On Campus

Seniors complain of Dinner’s emphasis on fundraising

By Alicia Juang

This year’s Senior Dinner garnered mixed reviews. Seniors and their parents gathered in the gym for a series of speeches on September 13, and many students walked away disappointed in the evening’s program, feeling that they had only been asked to give money.

“It’s well-intentioned, but the people who are going to give large sums of money are going to give regardless of whether or not there’s a dinner,” said Cam O’Reilly ’13, who added that he believes a number of his peers found the dinner “more of an inconvenience than a celebration.”

Though, according to Head of School Rebecca Upham, it was a night intended to kick off senior year for the Class of 2013, she also says that she is aware of the reaction to this year’s event.

“I know that one of the concerns coming out of this year was that it was too heavy on fundraising,” she said. “Certainly [that is] a feature, but it’s not supposed to be the focus. Getting the senior year launched is what it’s about.”

At the dinner, Annual Giving Associate Joelinda Coichy ’07 delivered the keynote address. In it, she encouraged seniors to participate in the BB&N community during their last year at the school and beyond.
“Be unsatisfied with the purely transactional and financial understanding of the word ‘give,’” she said. “Instead, strive for engagement… Allow yourself to see beyond the box you[’ve] built.”

Senior Parent Gift Committee Co-Chair Jeff Moore P’13, ’14 also addressed the audience and unveiled the committee’s plan for this year’s parent gift. The committee, he said, hopes to raise at least $500,000 to endow The Class of 2013 Future Leadership Instructorship.

“People picked BB&N because it’s a great school that challenges their children, and now they’re seniors,” he said. “We wanted to do something with financial stability, but this is all about the teachers. We wanted to send a signal that when teachers do a good job, it’s noticed.”

Similarly, Senior Class Ambassador Committee (SCAC) Co-Chairs George Camerlo ’13 and Katelyn Pan ’13 introduced the Senior Class Gift and the SCAC to the audience. Both the SCAC and Mr. Moore said they hope to reach 100% participation.

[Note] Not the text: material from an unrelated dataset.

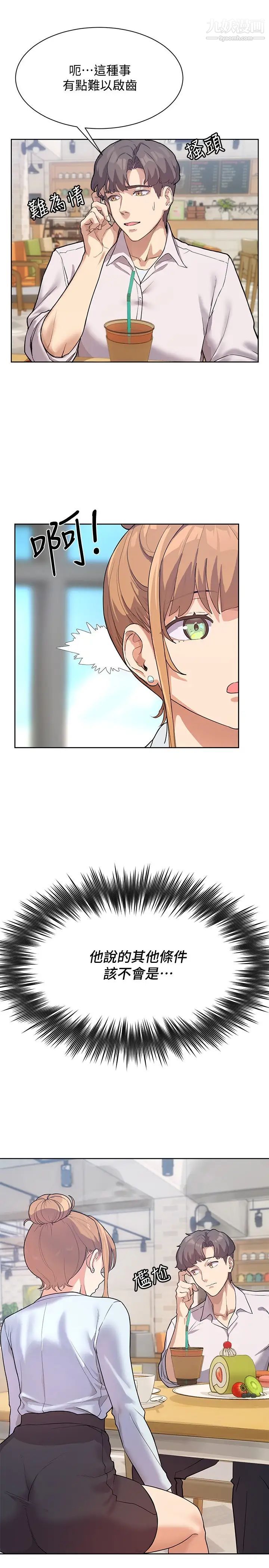 现上教学第3话-现学现卖,扑倒公司同事!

“The Senior Class Gift is a special contribution specifically from the Class of 2013. It is our hope that each of you will donate to the fund. Any amount, even as little as a quarter, will make a difference and is a great way to show your support for BB&N,” Katelyn said in her speech.

Other speakers included Ms. Upham, Grade 12 Parent Representatives Julie Kaneb P’13 and Liz Peoples P’13, and Grade 12 Dean Louise Makrauer.

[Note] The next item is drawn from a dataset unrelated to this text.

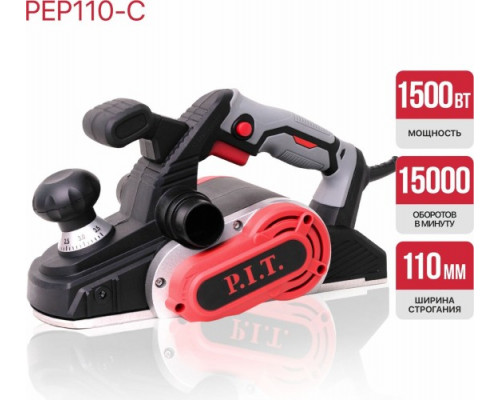 Рубанок сетевой P.I.T. PEP110-C купить с доставкой и официальной гарантией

Carly Hayden ’13 said she was “disappointed” with the evening’s program.

“I thought it’d be more about celebrating the fact that we’ve come so far instead of just jumping into our role as alumni. We haven’t graduated yet. I feel like getting us [to give money] was the point of the dinner,” she said. “If they want to inspire us as alumni to give, it should be done at a less stressful time and in a [different] manner.”

Lina Rebeiz ’13 added that the program felt long.

“I think the dinner would have been better if the speeches had been a little shorter and if the whole night hadn’t just been about donations,” she said.

Giving, Cam said, did not feel appropriate as what he perceived to be the subject of the dinner.

“It’s nice to start the school with a big dinner and giving is a good thing, but that’s what you expect to hear when you give to charity, not to an already well-off school,” he said.

Ms. Upham said she believes some seniors misinterpreted the evening’s intent.

“We know how important that message [of fundraising] is, but we don’t want it to dominate the evening”, she said. “[In addition,] I know that Joelinda’s message and intent was to convey how important it is to give of yourself to a community and that when you give your interests, talents, perspectives, BB&N becomes a more enriched and diverse place to be.”

Not everyone, however, reacted negatively to the event.

“I thought it was nice personally that I got to sit with my daughter. [Seniors] are growing up and leaving soon, and that was a nice way to connect together,” Mr. Moore said. “Joelinda’s speech really resonated with me. It’s nice to have an alum come back and give advice.”

“I think it was nice to get us all together with parents,” Katelyn said. “[Joelinda] got across the point that we’re going to be asked to donate but I think her personal anecdote helped the most in saying to make the most of your senior year and that you’re going to miss it.”

She added, however, that she understands her classmates’ complaints about being asked for money.

“I do feel like they’re asking for money, but it’s for a great cause,” she said. “It’s what we’re leaving the school with.”

Ms. Coichy added, “To a certain extent, I can understand that for a senior, it’s hard to be suddenly thrust into this adult world of talking about money.”

Assistant Head of School for External Affairs Woodie Haskins, who works with his department to plan the dinner each year, says that this senior class’s reaction is not unheard of.

“Every year, presentations are received more or less enthusiastically. It’s hard to predict what will resonate,” he said. “Last year, it was the same program, and the evening was successful. If there was less receptiveness this year, that’s something we need to address and look at for future years.”